Today’s blog
Lynn Murphy Mark
Dream sequence
This morning I woke up from a dream so vivid that I was surprised to find myself still in bed. I rarely remember my dreams. This one I can’t shake off because the subject matter is about a real life mystery I haven’t been able to solve. It concerns a friendship that was once long and deep and is no more.
I met my friend when I was a student nurse and she was the head nurse on the psychiatric unit. After graduation I took a job as the evening nurse on this same division, the locked psychiatric floor. I worked for her and came to respect her ethics and her management style. After three years as her evening nurse I moved to a different position in the hospital and that is when our friendship began to flourish.
For the next two decades we became fast friends. We traveled together, we partied, we went on float trips, and we shared the challenges of nursing management. Even after I left Deaconess for another hospital we remained close. When my daughter was born we gave her my friend’s name as Jackie’s middle name. When she married the love of her life I sang at her wedding. We even joined Weight Watchers periodically and were each other’s cheerleader. That’s a bond that is forever…

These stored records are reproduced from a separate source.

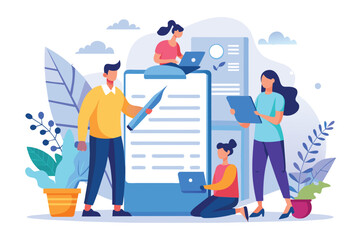 A diverse group of individuals gathered around a clipboard, reviewing and discussing contracts, the people are working on contracts, Simple and minimalist flat Vector Illustration
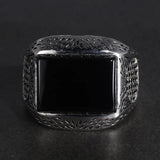 Real Pure 925 Sterling Silver Rings Retro Vintage Cool Turkey Ring For Men Mens Rings With Stones Turkish Jewelry Anel Masculino - GQTORCH Jewelry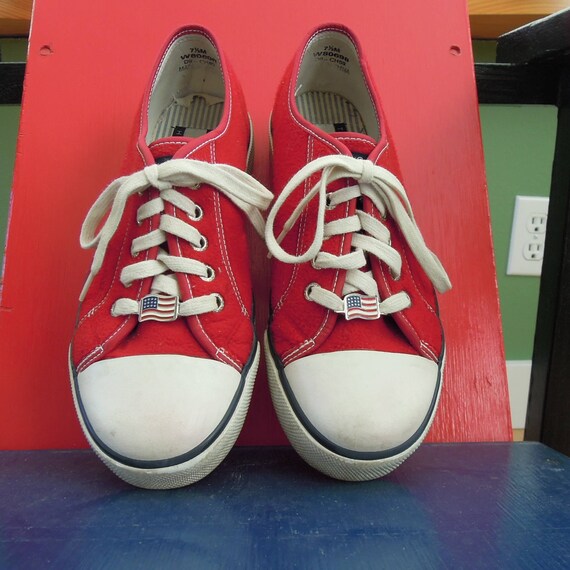 Tommy Hilfiger Red Fleece Platform Sneakers rare … - image 4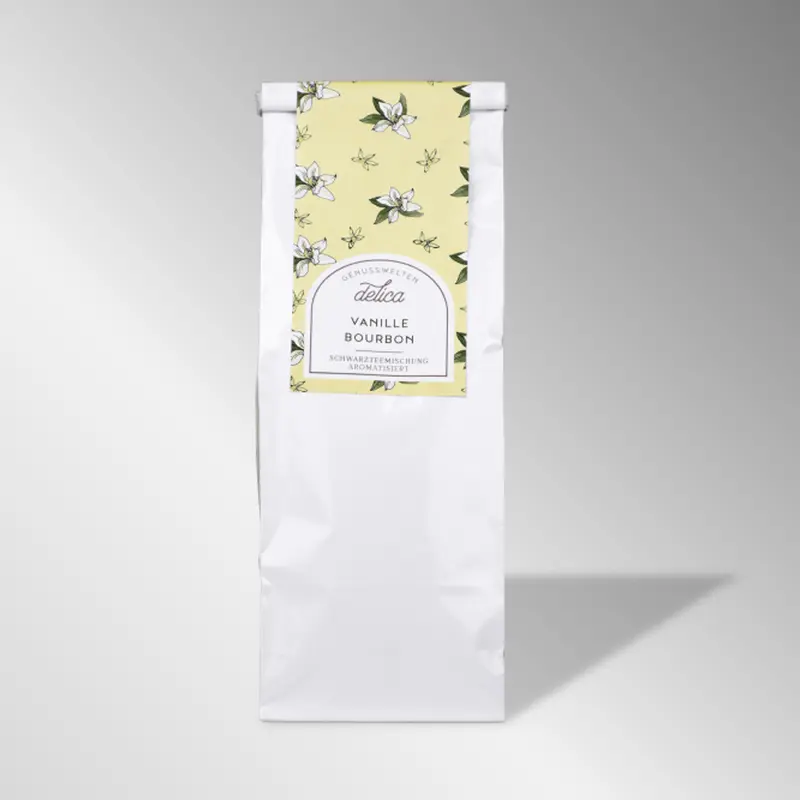 Vanille Bourbon - Schwarzer Tee mit Vanillestücken - Tüte  100g
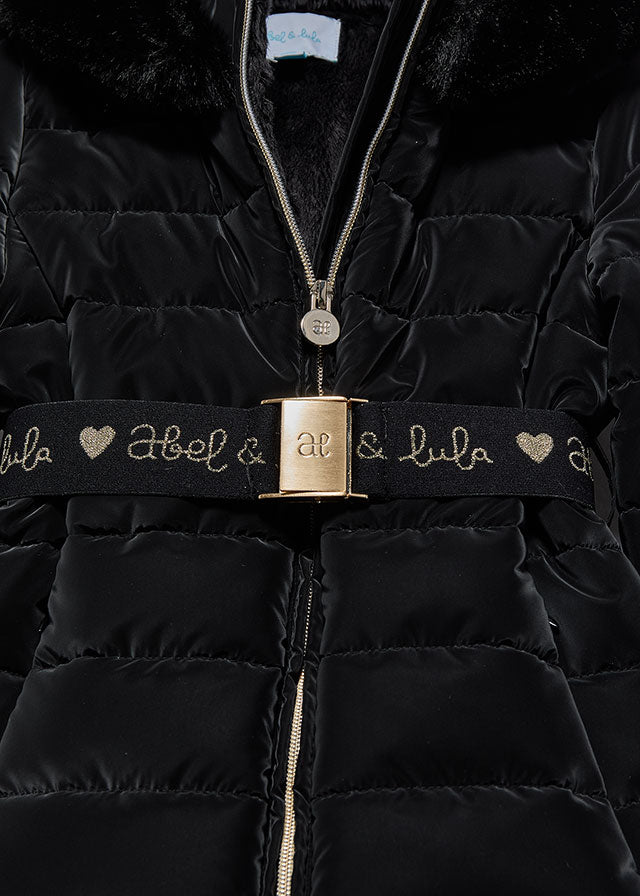 Abel & Lula 5839 Black Belt Coat In Stock Now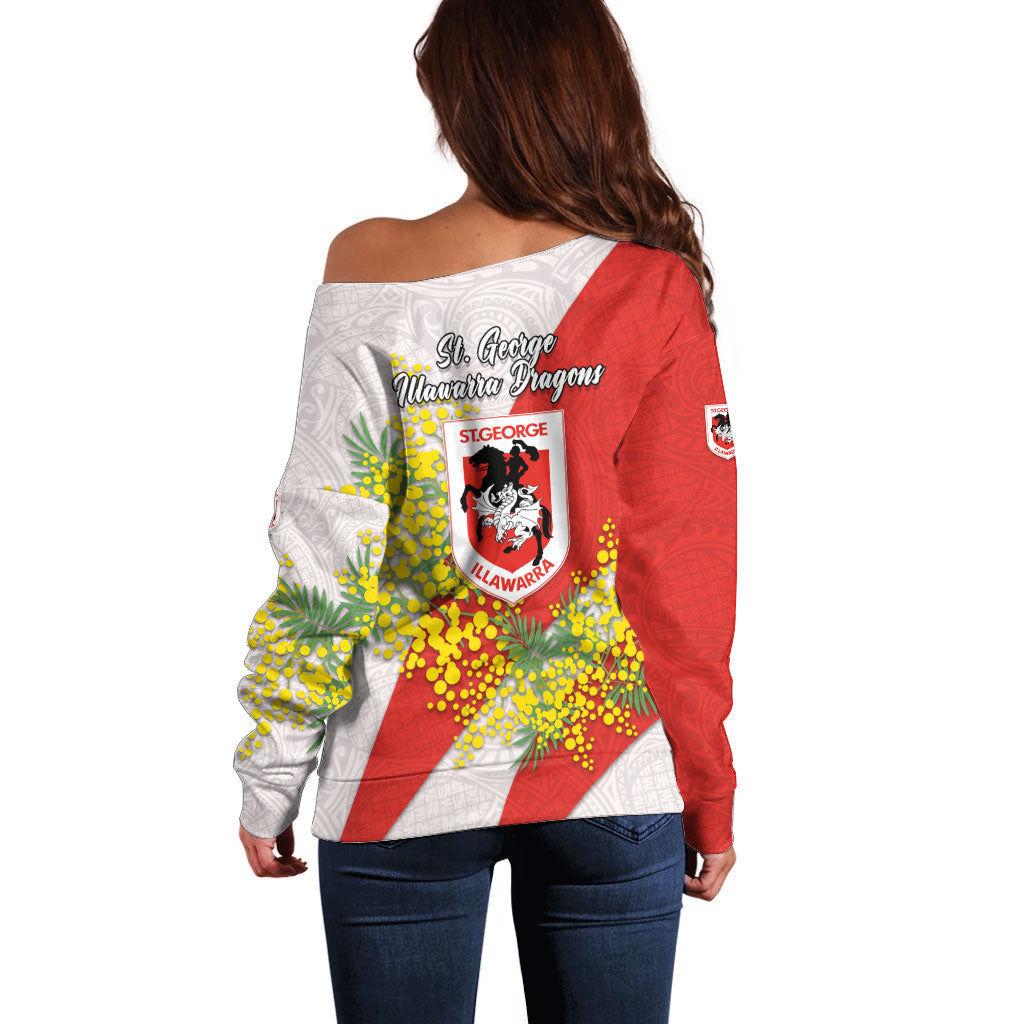St George Illawarra Dragons Off Shoulder Sweater Golden Wattle Floral Polynesian - Australian Flower - Rugby Mascot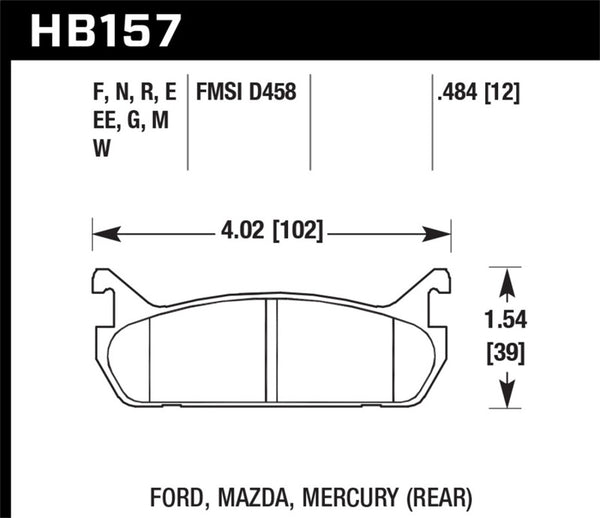 Hawk HB157D.484 91-96 Ford Escort 1.8L GT Rear ER-1 Brake Pads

Forever didn’t happen. The last time I saw my friend was at the commitment ceremony that Jan and I had in 2006. She came, but she was quiet and reserved and she declined the invitation to go to dinner with several of us. I didn’t think much of that because I was caught up in the joy of the occasion.
In my dream this morning I was at a function with several of the people that I knew when I worked with her. I was walking toward a meeting room and encountered her talking to one of the doctors. She looked shocked to see me and she turned away as if to stop any effort on my part to greet her. I went into the meeting room and the only seat was a couple of chairs removed from her. The person I sat with noticed the proximity and commented that my friend was “glowing pink” and looking quite disturbed. Suddenly she got up and left the room. My companion asked me what that was about and, before I could answer, I woke up.
When Jan and I moved back to St. Louis after a nine year absence I dialed my friend’s number, which I still have in my memory bank. There was no answer so I left a message asking for a call back if she was so inclined. There has been no response. I sent her a card with a similar message and nothing has come of it.
I don’t know what happened to fracture this friendship. If I knew, I would try to make things right between us. I have thought a lot about it and mourned the loss of the relationship. Someone once reminded me that people come to us and sometimes go from us when the energy of a relationship wanes. Interests change. Circumstances come between people. Sometimes there is a deep hurt that cancels any fondness that once existed. This is the one that worries me, that in some way I caused her some pain. I will never know for sure, and that makes me really sad.